STAGECRAFT PRODUCTION SERVICE

Site Map for Stagecraft Production Service


Our History

Our company started in the very early 1970s as DEG and Associates, DEG was, of course, Douglas Greathouse, our founder, the associates were the many band roadies who helped "roughneck" the heavy lighting gear from the trucks and trailers and into the various nightclubs and other venues around the important Middletown, Ohio music scene. In those days, the company was strictly a lighting company and we had all the top local bands as our customers because we had lots of real stage lights and they were oh so powerful and intense. Those who were around then may fondly remember our bands including Adonis, McTavish, Terry Tucker Revue, Chalice, and Beowulf and we played every weekend for years. Those were very busy years for a one man operation.

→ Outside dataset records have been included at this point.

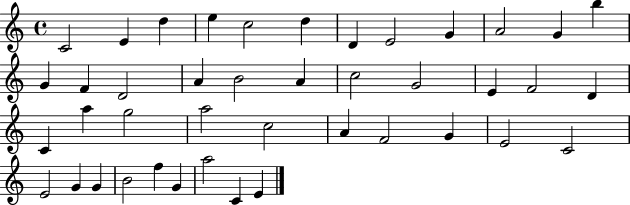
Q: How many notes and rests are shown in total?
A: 42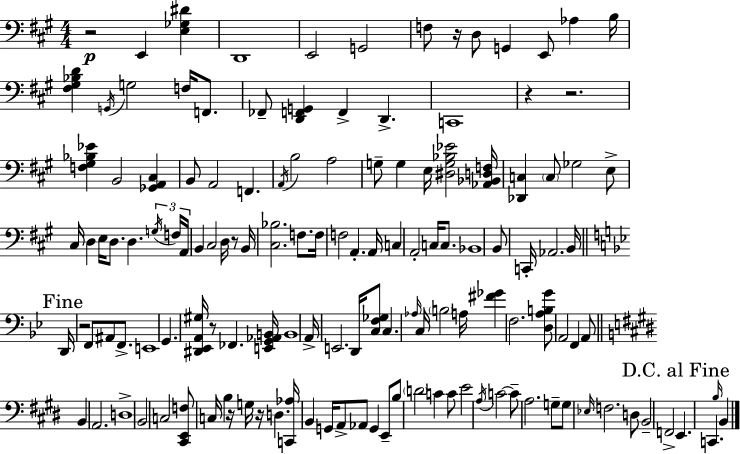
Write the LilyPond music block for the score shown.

{
  \clef bass
  \numericTimeSignature
  \time 4/4
  \key a \major
  r2\p e,4 <e ges dis'>4 | d,1 | e,2 g,2 | f8 r16 d8 g,4 e,8 aes4 b16 | \break <fis gis bes d'>4 \acciaccatura { g,16 } g2 f16 f,8. | fes,8-- <d, f, g,>4 f,4-> d,4.-> | c,1 | r4 r2. | \break <f gis bes ees'>4 b,2 <ges, a, cis>4 | b,8 a,2 f,4. | \acciaccatura { a,16 } b2 a2 | g8-- g4 e16 <dis g bes ees'>2 | \break <aes, bes, d f>16 <des, c>4 \parenthesize c8 ges2 | e8-> cis16 d4 e16 d8. d4. | \tuplet 3/2 { \acciaccatura { g16 } f16 a,16 } b,4 cis2 | d16 r8 b,16 <cis bes>2. | \break f8. f16 f2 a,4.-. | a,16 c4 a,2-. c16 | c8. bes,1 | b,8 c,16-. aes,2. | \break b,16 \mark "Fine" \bar "||" \break \key bes \major d,16 r2 f,8 ais,8 f,8.-> | e,1 | g,4. <dis, ees, a, gis>16 r8 fes,4. <e, g, aes, b,>16 | b,1 | \break a,16-> e,2. d,16 <c f ges>8 | c4. \grace { aes16 } c16 \parenthesize b2 | a16 <fis' ges'>4 f2. | <d a b g'>8 a,2 f,4 a,8 | \break \bar "||" \break \key e \major b,4 a,2. | d1-> | b,2 c2 | <cis, e, f>8 c16 b4 r16 g16 r16 d4. | \break <c, aes>16 b,4 g,16 a,8-> aes,8 g,4 e,8-- | b8 \parenthesize d'2 c'4 c'8 | e'2 \acciaccatura { a16 } c'2~~ | c'8-- a2. g8-- | \break g8 \grace { ees16 } f2. | d8 b,2-- f,2-> | \mark "D.C. al Fine" e,4. c,4. \grace { b16 } b,4 | \bar "|."
}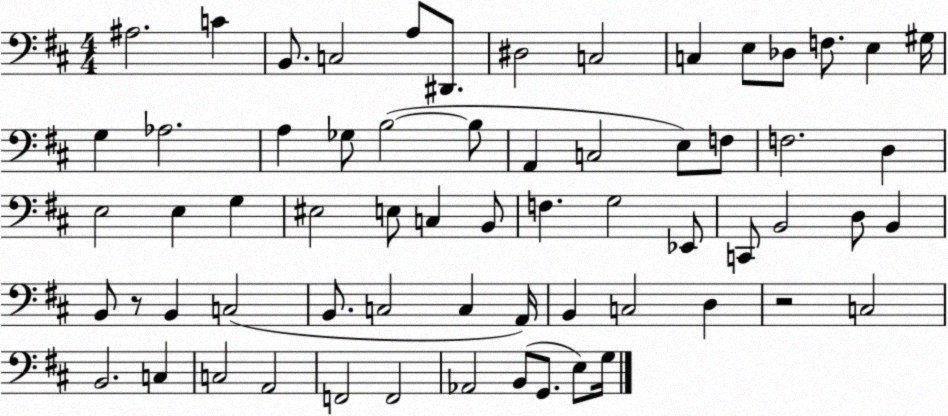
X:1
T:Untitled
M:4/4
L:1/4
K:D
^A,2 C B,,/2 C,2 A,/2 ^D,,/2 ^D,2 C,2 C, E,/2 _D,/2 F,/2 E, ^G,/4 G, _A,2 A, _G,/2 B,2 B,/2 A,, C,2 E,/2 F,/2 F,2 D, E,2 E, G, ^E,2 E,/2 C, B,,/2 F, G,2 _E,,/2 C,,/2 B,,2 D,/2 B,, B,,/2 z/2 B,, C,2 B,,/2 C,2 C, A,,/4 B,, C,2 D, z2 C,2 B,,2 C, C,2 A,,2 F,,2 F,,2 _A,,2 B,,/2 G,,/2 E,/2 G,/4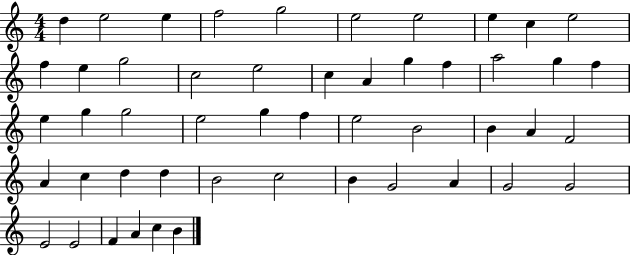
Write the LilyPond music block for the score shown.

{
  \clef treble
  \numericTimeSignature
  \time 4/4
  \key c \major
  d''4 e''2 e''4 | f''2 g''2 | e''2 e''2 | e''4 c''4 e''2 | \break f''4 e''4 g''2 | c''2 e''2 | c''4 a'4 g''4 f''4 | a''2 g''4 f''4 | \break e''4 g''4 g''2 | e''2 g''4 f''4 | e''2 b'2 | b'4 a'4 f'2 | \break a'4 c''4 d''4 d''4 | b'2 c''2 | b'4 g'2 a'4 | g'2 g'2 | \break e'2 e'2 | f'4 a'4 c''4 b'4 | \bar "|."
}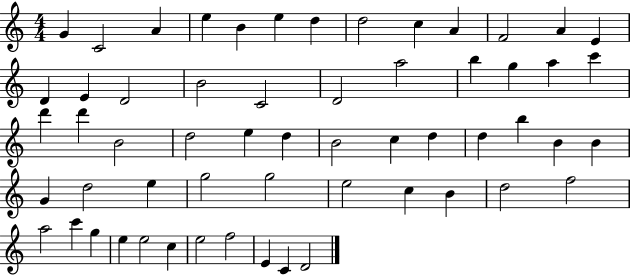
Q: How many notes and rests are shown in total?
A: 58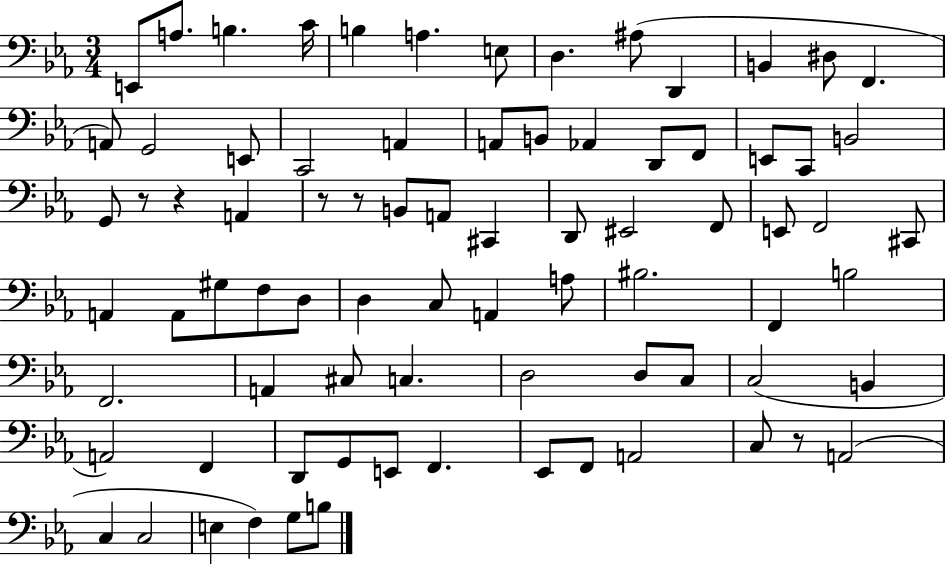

In 1977, we were so busy it became necessary to start hiring staff and we became Stagecraft Production Service--the name simply stating what we did. By then, the company was providing stages and PA systems in addition to expanded lighting capabilities and we were running multiple venues every weekend, usually one gig involving lighting and sound along with several other lighting gigs working with bands including Shock and Heirborn. In the 1980s, the company moved away the night club scene and got into more commercial work staging shopping center events. Our staff numbered eight and we worked regularly at the former Salem Mall in Trotwood (now gone) and other similar venues.

From 1991 through 2013, the company morphed into a capital equipment leasing company (then known as SPS Leasing) and got away from operational events. During this period, our inventory was all out in long term fixed leases in several venues and our capital inventory continued to expand.

Then, in a stroke of pure dumb luck (there is no other explanation), Greathouse met Jim Verdin of Verdin Bell who had bought an old abandoned department store in downtown Middletown with the idea of creating an art facility, now known as the Pendleton Art Center (PAC). The massive second floor are was to become the Pendleton Event Center. Jim and Doug hammered out a deal over several months and SPS opened a secondary warehouse in the building to provide equipment and services for the brand new event center. The PAC became the anchor of the revitalizing downtown Middletown area and Stagecraft returned to operational events once again. Since our first event at the PAC in early 2014, we've stayed busy and SPS has continued to grow. In addition to our mainstay live event business, we've expanded into videography and film production as well. Stagecraft's future as a lighting company keeps looking 'brighter'.